__Source material__.
□ □ □ □ □

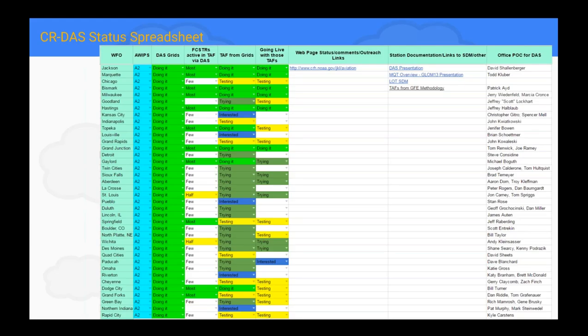Brian Hirsch made a CRDOS status spreadsheet — it's a Google spreadsheet, so it's always being updated by anybody. We encourage you at your office to make sure this list is up to date. It lets Brian know from a regional level who is making their TAFs from their grids and who is sending the grid to NDFD and point-and-click, so he can gauge what kind of activity each office is having.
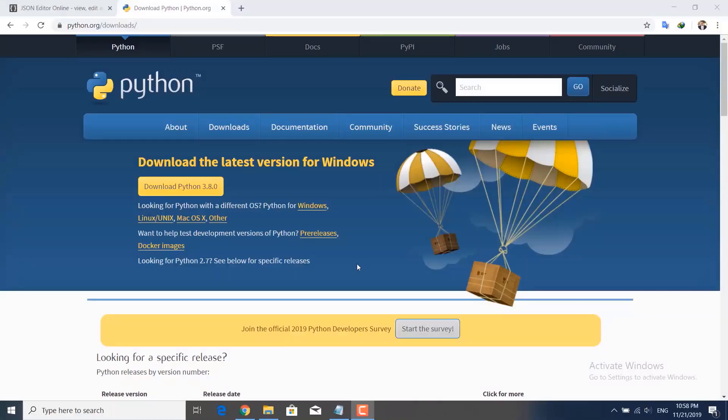Hi guys, welcome back to another tutorial. This is actually the first application for our Telegram bot — it's going to be a simple Python echo server, and it's going to be the basis for our next applications.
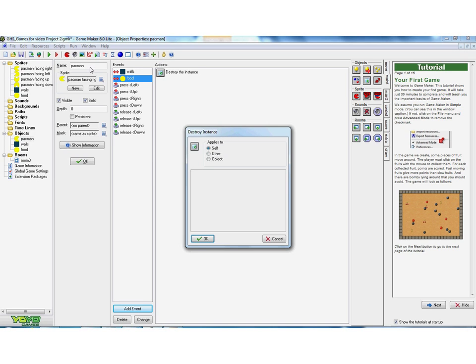So this is the Pac-Man walking into the food. The first choice is destroy yourself. So this could be if for instance in the game you walked, you wanted your character to walk into a bomb, and you'd want it when it walked into the bomb you'd want it to destroy itself. Not destroy the bomb.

□ □ □ □ □

__What the task requires__.
With every picture omitted, write out the material exactly from its first line through the line containing "Hi guys, welcome".

__Task result__.
Brian Hirsch made a CRDOS status spreadsheet — it's a Google spreadsheet, so it's always being updated by anybody. We encourage you at your office to make sure this list is up to date. It lets Brian know from a regional level who is making their TAFs from their grids and who is sending the grid to NDFD and point-and-click, so he can gauge what kind of activity each office is having.
Hi guys, welcome back to another tutorial. This is actually the first application for our Telegram bot — it's going to be a simple Python echo server, and it's going to be the basis for our next applications.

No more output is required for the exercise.